Piri Deri with friends

This is my sister Piri Deri, nee Friedmann, with her suitor, Ivan Pressler and her best friend, who was the daughter of our landlord, the Rosenbergs. Pressler came from a rich Jewish family and his parents didn't like it that he was courting a poor girl. Well, in the end nothing came of it. All my sisters finished the four classes of middle school. My oldest sister Piri also finished two years of commercial school. This was a commercial high school, where nuns taught. And it was very expensive. If someone wanted to work in an office then she, like my sister, finished two years of commercial school and then she could become an employee [in an office]. There was a car dealer in Eger - there was only one at that time, there were hardly any cars; we went everywhere on foot, it was a small town, we could walk from one end to the other in two minutes - and Piri worked for this car dealer before her marriage.

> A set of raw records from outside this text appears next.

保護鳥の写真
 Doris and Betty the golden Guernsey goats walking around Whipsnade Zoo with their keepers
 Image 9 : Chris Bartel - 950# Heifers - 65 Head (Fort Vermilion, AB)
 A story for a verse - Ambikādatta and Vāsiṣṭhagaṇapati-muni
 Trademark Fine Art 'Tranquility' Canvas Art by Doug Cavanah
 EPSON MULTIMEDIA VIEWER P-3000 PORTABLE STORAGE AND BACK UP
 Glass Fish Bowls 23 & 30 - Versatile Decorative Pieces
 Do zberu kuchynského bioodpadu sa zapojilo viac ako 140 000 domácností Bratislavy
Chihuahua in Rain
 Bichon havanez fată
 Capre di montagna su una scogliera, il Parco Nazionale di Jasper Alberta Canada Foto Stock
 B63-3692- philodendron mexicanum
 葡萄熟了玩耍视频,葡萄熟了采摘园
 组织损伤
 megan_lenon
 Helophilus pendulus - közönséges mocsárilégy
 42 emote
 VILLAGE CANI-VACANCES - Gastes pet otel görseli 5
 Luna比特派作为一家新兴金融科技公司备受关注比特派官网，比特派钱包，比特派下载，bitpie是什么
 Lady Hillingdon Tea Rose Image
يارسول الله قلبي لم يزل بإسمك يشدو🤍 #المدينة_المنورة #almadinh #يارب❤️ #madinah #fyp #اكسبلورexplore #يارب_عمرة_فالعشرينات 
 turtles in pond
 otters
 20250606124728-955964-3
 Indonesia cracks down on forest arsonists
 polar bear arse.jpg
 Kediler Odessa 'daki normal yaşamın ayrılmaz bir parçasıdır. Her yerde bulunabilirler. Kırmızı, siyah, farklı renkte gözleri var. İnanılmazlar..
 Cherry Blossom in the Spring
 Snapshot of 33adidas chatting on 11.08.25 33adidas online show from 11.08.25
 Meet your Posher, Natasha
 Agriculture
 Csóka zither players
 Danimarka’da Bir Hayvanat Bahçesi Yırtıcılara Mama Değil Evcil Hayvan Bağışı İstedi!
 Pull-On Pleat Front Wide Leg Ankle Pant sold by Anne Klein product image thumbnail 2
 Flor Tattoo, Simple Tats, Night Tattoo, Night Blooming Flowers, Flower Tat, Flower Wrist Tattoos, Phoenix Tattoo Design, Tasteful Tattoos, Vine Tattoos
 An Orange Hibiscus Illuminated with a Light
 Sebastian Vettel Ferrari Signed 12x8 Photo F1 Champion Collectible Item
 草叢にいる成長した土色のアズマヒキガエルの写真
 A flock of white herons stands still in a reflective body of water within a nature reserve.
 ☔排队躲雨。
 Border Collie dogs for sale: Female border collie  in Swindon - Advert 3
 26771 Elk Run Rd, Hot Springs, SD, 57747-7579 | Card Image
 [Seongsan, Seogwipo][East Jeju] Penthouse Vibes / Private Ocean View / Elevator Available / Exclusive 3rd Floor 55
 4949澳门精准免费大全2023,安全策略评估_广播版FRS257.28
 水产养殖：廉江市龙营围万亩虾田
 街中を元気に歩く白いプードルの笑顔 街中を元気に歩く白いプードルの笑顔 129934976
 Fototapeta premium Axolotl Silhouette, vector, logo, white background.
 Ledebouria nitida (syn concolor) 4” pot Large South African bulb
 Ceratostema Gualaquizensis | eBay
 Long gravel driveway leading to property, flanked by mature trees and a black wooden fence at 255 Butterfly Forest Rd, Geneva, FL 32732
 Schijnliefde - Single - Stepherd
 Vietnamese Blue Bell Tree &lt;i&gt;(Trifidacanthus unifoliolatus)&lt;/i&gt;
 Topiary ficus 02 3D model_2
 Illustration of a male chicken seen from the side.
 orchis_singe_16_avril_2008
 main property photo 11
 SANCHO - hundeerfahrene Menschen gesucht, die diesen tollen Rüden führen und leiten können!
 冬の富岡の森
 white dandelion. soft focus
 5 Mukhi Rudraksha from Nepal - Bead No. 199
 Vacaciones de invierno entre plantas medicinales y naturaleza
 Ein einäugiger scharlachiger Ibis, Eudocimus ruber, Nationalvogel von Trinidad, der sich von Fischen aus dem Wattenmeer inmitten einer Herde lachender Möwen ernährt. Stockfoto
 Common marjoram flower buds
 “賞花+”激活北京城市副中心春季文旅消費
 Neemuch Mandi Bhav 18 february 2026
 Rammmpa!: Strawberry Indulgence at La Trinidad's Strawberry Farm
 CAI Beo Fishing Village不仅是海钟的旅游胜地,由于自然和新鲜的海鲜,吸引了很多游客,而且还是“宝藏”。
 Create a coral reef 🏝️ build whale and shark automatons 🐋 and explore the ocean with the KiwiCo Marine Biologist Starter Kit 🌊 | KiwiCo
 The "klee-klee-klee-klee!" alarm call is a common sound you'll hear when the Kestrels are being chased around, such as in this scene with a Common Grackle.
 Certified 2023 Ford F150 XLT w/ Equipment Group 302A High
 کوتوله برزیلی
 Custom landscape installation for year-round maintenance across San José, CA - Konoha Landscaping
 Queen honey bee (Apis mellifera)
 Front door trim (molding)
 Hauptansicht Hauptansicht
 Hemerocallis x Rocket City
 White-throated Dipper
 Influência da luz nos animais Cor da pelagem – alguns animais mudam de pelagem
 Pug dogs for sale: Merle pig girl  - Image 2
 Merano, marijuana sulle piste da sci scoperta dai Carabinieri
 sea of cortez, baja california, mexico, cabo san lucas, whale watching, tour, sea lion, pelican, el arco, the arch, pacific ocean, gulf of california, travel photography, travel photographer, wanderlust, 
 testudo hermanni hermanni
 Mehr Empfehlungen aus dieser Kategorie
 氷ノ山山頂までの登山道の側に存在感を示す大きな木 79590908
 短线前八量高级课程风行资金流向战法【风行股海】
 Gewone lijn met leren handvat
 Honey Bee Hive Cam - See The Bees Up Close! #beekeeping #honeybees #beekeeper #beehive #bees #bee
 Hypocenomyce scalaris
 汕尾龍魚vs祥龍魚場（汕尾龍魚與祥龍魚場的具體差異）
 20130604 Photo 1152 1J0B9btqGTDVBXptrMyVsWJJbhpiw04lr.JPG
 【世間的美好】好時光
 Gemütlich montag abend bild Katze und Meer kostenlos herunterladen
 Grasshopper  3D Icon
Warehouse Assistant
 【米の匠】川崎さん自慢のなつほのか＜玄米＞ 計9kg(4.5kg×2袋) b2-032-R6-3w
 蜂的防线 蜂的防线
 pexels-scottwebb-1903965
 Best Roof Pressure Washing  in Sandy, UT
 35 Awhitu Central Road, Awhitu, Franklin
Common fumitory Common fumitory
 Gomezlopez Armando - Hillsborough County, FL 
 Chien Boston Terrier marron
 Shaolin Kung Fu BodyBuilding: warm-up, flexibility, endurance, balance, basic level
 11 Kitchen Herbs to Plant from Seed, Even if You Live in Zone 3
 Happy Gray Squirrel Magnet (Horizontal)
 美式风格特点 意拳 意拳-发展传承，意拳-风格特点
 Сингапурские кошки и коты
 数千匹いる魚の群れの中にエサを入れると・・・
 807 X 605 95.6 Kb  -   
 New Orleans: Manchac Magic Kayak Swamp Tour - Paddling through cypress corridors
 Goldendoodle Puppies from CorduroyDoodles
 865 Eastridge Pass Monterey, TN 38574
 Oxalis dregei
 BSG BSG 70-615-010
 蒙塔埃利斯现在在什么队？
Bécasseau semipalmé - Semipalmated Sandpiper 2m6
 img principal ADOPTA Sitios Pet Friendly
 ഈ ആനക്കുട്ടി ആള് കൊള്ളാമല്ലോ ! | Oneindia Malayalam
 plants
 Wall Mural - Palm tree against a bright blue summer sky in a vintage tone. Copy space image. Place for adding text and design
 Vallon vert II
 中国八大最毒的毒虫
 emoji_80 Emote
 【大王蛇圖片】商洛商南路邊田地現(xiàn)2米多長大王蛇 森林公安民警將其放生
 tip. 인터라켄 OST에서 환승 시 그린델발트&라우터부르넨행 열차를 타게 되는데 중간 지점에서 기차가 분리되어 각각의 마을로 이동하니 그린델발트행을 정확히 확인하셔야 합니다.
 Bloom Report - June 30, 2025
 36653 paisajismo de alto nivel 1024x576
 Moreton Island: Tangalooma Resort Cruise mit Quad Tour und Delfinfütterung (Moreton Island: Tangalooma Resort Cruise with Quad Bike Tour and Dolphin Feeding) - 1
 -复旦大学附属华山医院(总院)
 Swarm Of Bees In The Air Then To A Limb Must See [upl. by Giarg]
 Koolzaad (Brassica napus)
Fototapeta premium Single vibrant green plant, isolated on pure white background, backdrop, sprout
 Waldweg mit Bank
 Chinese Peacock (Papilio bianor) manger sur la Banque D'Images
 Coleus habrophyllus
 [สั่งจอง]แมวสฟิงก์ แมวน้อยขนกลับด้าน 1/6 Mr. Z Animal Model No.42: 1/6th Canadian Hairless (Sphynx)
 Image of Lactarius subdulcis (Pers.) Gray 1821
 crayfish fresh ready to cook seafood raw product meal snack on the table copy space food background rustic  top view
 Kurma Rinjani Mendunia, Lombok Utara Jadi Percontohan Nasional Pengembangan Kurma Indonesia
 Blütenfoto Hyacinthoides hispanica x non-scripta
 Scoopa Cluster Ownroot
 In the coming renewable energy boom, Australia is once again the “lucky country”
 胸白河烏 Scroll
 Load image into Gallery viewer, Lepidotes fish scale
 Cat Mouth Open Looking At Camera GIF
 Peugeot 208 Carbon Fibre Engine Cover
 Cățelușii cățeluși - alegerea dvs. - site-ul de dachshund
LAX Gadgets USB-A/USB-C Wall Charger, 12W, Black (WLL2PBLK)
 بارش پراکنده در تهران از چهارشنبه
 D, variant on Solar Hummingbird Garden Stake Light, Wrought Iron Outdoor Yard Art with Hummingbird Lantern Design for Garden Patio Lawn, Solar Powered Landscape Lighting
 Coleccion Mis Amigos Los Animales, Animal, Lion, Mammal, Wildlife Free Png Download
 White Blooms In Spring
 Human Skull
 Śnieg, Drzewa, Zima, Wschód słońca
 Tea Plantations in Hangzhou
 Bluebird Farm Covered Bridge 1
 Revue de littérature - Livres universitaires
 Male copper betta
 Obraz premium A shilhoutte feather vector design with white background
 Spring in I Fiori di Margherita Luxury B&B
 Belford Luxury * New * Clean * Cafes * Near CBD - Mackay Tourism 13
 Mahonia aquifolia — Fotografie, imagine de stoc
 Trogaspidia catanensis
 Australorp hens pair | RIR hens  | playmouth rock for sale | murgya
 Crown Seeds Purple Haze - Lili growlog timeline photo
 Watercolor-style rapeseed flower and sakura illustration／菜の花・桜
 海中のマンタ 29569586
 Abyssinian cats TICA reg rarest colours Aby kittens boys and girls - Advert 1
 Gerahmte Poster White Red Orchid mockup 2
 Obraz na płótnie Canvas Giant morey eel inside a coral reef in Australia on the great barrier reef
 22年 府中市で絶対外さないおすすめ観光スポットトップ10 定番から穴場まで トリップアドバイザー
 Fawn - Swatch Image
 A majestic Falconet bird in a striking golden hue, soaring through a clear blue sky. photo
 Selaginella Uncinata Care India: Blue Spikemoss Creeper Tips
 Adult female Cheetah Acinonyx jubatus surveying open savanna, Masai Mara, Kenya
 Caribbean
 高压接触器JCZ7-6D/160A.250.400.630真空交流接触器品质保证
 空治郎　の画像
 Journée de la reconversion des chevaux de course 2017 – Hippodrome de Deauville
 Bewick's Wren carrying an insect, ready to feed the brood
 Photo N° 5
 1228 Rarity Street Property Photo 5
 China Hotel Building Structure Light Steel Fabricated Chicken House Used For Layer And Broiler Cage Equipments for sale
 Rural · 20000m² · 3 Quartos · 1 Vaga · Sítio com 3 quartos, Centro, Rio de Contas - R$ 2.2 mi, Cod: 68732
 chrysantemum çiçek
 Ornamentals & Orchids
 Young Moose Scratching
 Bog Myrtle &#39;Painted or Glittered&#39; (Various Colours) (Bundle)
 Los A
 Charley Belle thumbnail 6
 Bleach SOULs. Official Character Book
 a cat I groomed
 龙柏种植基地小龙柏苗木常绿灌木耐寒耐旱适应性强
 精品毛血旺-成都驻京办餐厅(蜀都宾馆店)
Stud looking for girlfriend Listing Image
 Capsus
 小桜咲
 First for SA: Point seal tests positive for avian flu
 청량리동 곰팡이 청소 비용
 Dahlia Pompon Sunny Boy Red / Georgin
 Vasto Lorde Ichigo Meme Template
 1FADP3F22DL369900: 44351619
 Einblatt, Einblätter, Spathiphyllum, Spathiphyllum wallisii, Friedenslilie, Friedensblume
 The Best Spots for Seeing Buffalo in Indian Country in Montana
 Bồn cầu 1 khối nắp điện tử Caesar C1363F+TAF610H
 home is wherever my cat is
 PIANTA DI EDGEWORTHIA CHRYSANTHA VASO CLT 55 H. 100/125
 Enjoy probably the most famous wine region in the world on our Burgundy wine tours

Piri's husband was Gyula Krausz, he was a merchant. They got married in 1926. We had a cousin, Bela Korosi. He was somewhat of an eccentric but he was a lawyer by profession. He courted Piri. And Piri was about to marry Bela, the wedding was to take place within a week. But nothing came of it because in the meantime Gyula Krausz also proposed marriage to her. Mom went to Reb Shayele, who was a rabbi, who told her not to marry her off to America and that there was this decent fellow here and she should marry her to him. We children were eavesdropping, of course, and heard Mom tell what the rabbi had said. Piri lived in the 7th district in Pest, where I also lived later when it became a yellow-star house.